In "Immigration Wars: Forging an American Solution," Bush writes that the immigration debate holds serious consequences for the nation and members of his Republican party, calling fellow Republicans "remarkably tone-deaf when it comes to courting Hispanic voters — to the extent they court them at all." If the GOP fails to change, he says the influence of Hispanic voters "will doom" the party's future.
The son and brother of U.S. presidents writes that lawmakers should create a path to legal status for undocumented immigrants who live in the U.S. and agree to plead guilty to a crime of illegal entry. But unlike a bipartisan Senate proposal pushed by fellow Florida Republican Marco Rubio and others, Bush says tougher border security should not be a prerequisite and a pathway to legal status should not include citizenship for those who entered illegally as adults.
Bush's book, to be released Tuesday, arrives as President Barack Obama and Congress consider the revamping of the nation's immigration laws following Obama's re-election, which exposed a large deficit for Republicans among the nation's growing Hispanic electorate. Bush and co-author Clint Bolick, an attorney and vice president for litigation at the Arizona-based Goldwater Institute, contend immigration reform is essential to economic growth and the nation's future but must be governed by the rule of law.
Bush said offering a path to citizenship for the 11 million undocumented immigrants who live in the U.S. could encourage more illegal immigration and undermine the nation's laws. "It is absolutely vital to the integrity of our immigration system that actions have consequences," he wrote. "In this case, that those who violated the laws can remain, but cannot obtain the cherished fruits of citizenship."

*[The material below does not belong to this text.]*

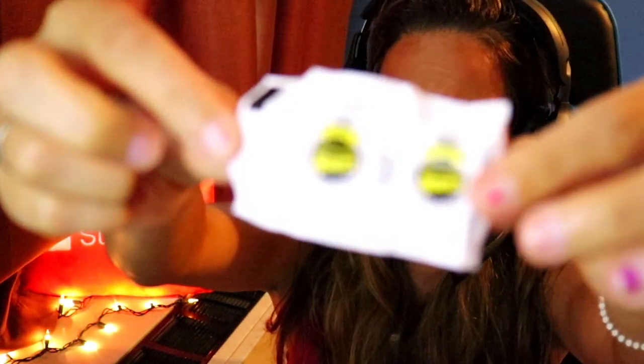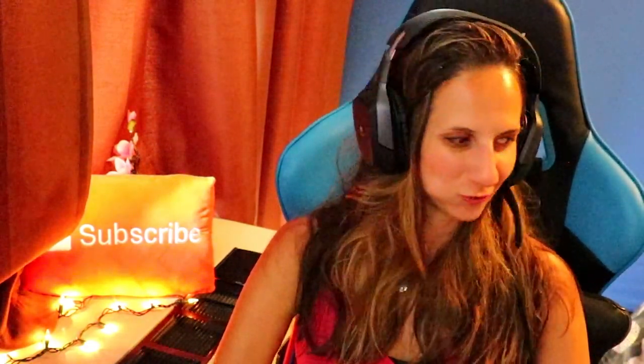I wish the camera would focus on it — it's focusing on my background because of the lights. Actually, I have it set to manual focus, so it's not going to auto-focus anyway.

He writes that illegal immigrants who want to become citizens should have the choice of returning to their native countries and applying under the normal channels.
The approach marked an apparent reversal for Bush, who said in an interview with CBS' Charlie Rose in June 2012 that, "You have to deal with this issue. You can't ignore it, and so either a path to citizenship, which I would support — and that does put me probably out of the mainstream of most conservatives — or a path to legalization, a path to residency of some kind."
Immigration activists pounced on Bush's shift. Frank Sharry, executive director of America's Voice, said Bush's approach would lead to a "permanent underclass" for a mostly Latino group of workers.
Jaryn Emhof, a Bush spokeswoman, said Bush had not changed his position and his goal was "to create a path to bring individuals out of the shadows."
It was unclear how Bush's views may affect the debate on Capitol Hill, where Rubio and other senators aim to release comprehensive immigration legislation this month. But it underscores the tricky path many Republicans are trying to navigate as they work to address the problem of illegal immigration in a way that's acceptable to the conservative Republican electorate.
Arizona Sen. Jeff Flake, a Republican and member of the bipartisan group, said he was "a bit perplexed" when he learned of Bush's comments opposing a pathway to citizenship for illegal immigrants. "I was disappointed to see it, but I don't think it'll change the dynamics much," Flake said.
A number of House Republicans wary of allowing out-and-out citizenship to illegal immigrants — criticized by some as amnesty — also have discussed granting legal status short of citizenship to them instead. But that position is rejected as unacceptable by immigration activists.
Rubio told reporters that a solution would need "to include the House's view on this and it may very well have been what he's proposed."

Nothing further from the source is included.